Could someone give me an educational statement on what the above two
lines mean ? . More specifically, what "call_connect_status" does and
what "xprt_sending" means ? Is there any way to force (i.e. hacking
the code to get) a re-connect (i.e. invoke "connect" from
rpc_xprt_ops) ?

Longer version of the question:
I'm trying to enable NFS-RDMA on an embedded system (based on 2.6.38
kernel) as a client. The IB stacks are taken from OFED 1.5.4. NFS
server is a RHEL 6.3 Xeon box. The connection uses mellox-4 driver.
Memory registration is "RPCRDMA_ALLPHYSICAL". There are many issues so
far but I do manage to get nfs mount working. Simple file operations
(such as "ls", file read/write, "scp", etc) seem to work as well.
While trying to run iozone to see whether the performance gain can be
justified for the development efforts, the program runs until it
reaches 2MB file size - at that point, RDMA CM sends out
"TIMEWAIT_EXIT" event, the xprt is disconnected, and all IOs on that
share hang. IPOIB still works though.
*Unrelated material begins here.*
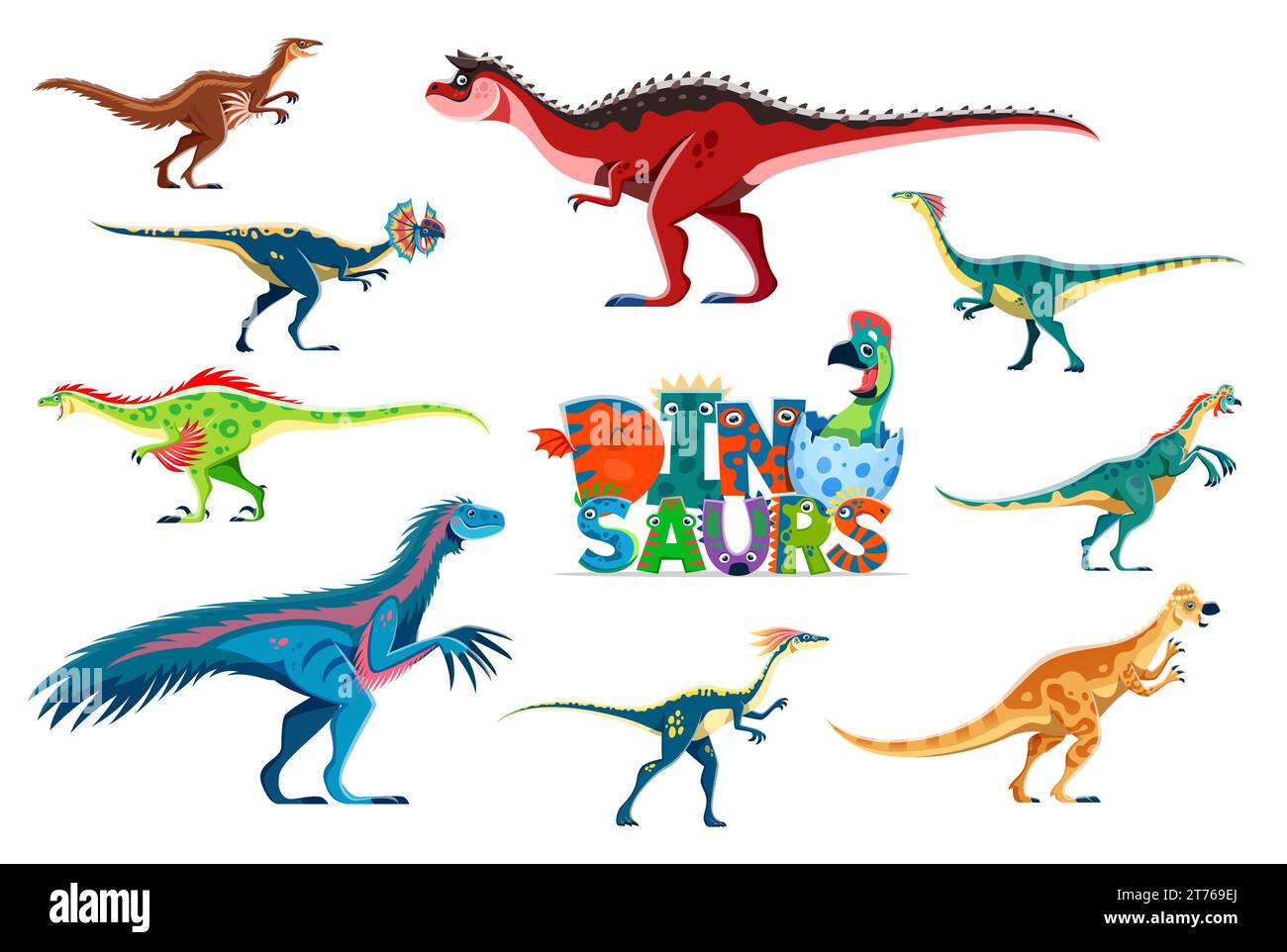 Dinosauri isolati, simpatici personaggi dei cartoni animati. Rettile dell'era giurassica, rettile preistorico, divertente Troodon, Dilophosaur, Carnotaurus, Therizinosaurus e Compsognathus, dinosauri vettoriali Pachycephalosaurus Illustrazione Vettoriale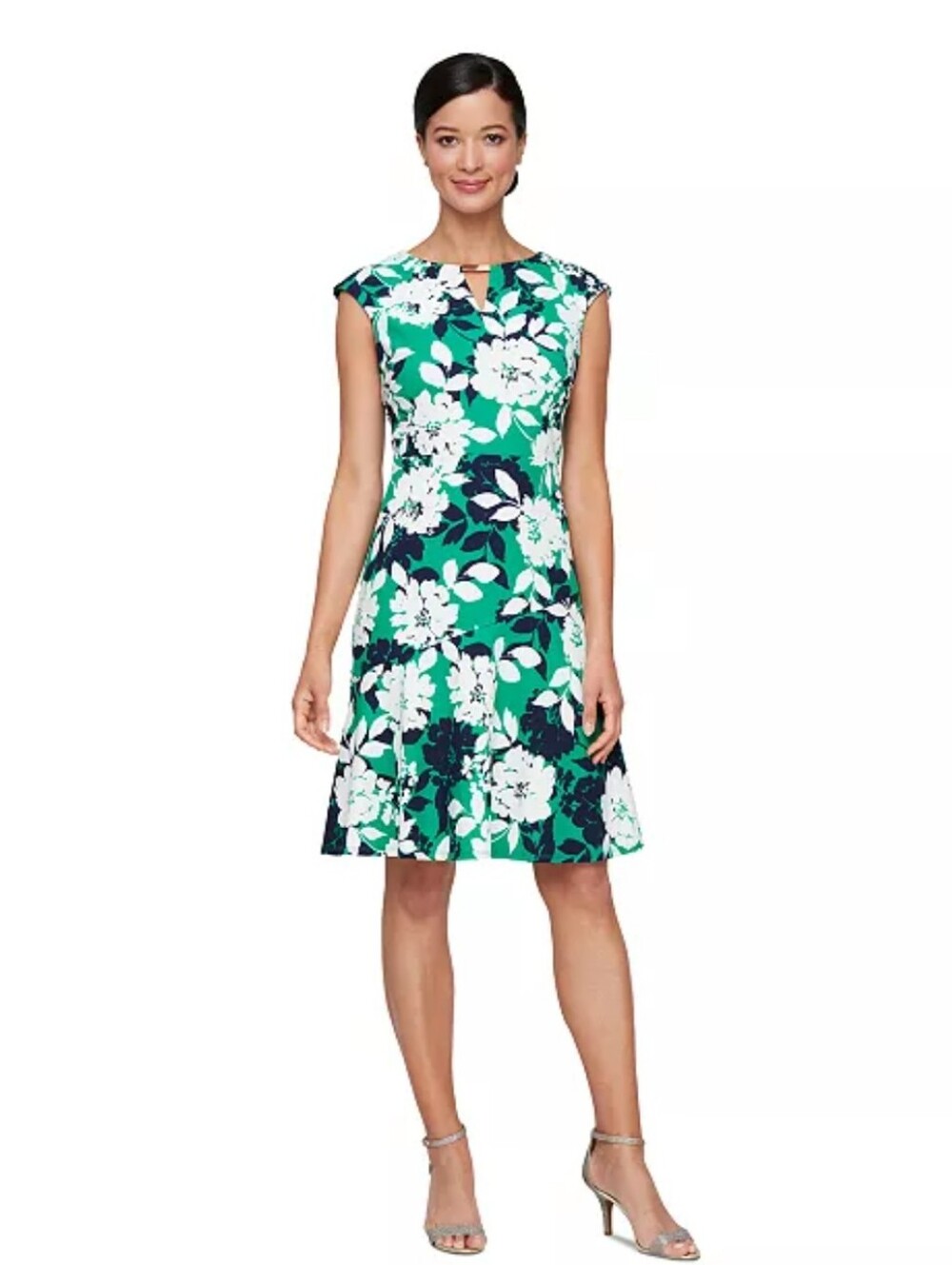 SLNY Floral Fit & Flare Dress Size 6 Green Navy White Sleeveless NWT $129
Not sure what would be the best
way to debug this.

Thanks,
Wendy


2013-08-26 13:22:52

by Tom Talpey

[permalink] [raw]
Subject: Re: Helps to Decode rpc_debug Output

On 8/21/2013 11:55 AM, Wendy Cheng wrote:
> On Thu, Aug 15, 2013 at 11:08 AM, Wendy Cheng <[email protected]> wrote:
>> On Thu, Aug 15, 2013 at 5:46 AM, Tom Talpey <[email protected]> wrote:
>>> On 8/14/2013 8:14 PM, Wendy Cheng wrote:
>>>>
>>>> Longer version of the question:
>>>> I'm trying to enable NFS-RDMA on an embedded system (based on 2.6.38
>>>> kernel) as a client. The IB stacks are taken from OFED 1.5.4. NFS
>>>> server is a RHEL 6.3 Xeon box. The connection uses mellox-4 driver.
>>>> Memory registration is "RPCRDMA_ALLPHYSICAL". There are many issues so
>>>> far but I do manage to get nfs mount working. Simple file operations
>>>> (such as "ls", file read/write, "scp", etc) seem to work as well.
>>>
>
> Yay ... got this up .. amazingly on a uOS that does not have much of
> the conventional kernel debug facilities.

Congrats!

> One thing I'm still scratching my head is that ... by looking at the
> raw IOPS, I don't see dramatic difference between NFS-RDMA vs. NFS
> over IPOIB (TCP).

Sounds like your bottleneck lies in some other component. What's the
storage, for example? RDMA won't do a thing to improve a slow disk.
Or, what kind of IOPS rate are you seeing? If these systems aren't
generating enough load to push a CPU limit, then shifting the protocol
on the same link might not yield much.

> However, the total run time differs greatly. NFS
> over RDMA seems to take a much longer time to finish (vs. NFS over
> IPOIB). Not sure why is that .... Maybe by the constant
> connect/disconnect triggered by reestablish_timeout ? The connection
> re-establish is known to be expensive on this uOS.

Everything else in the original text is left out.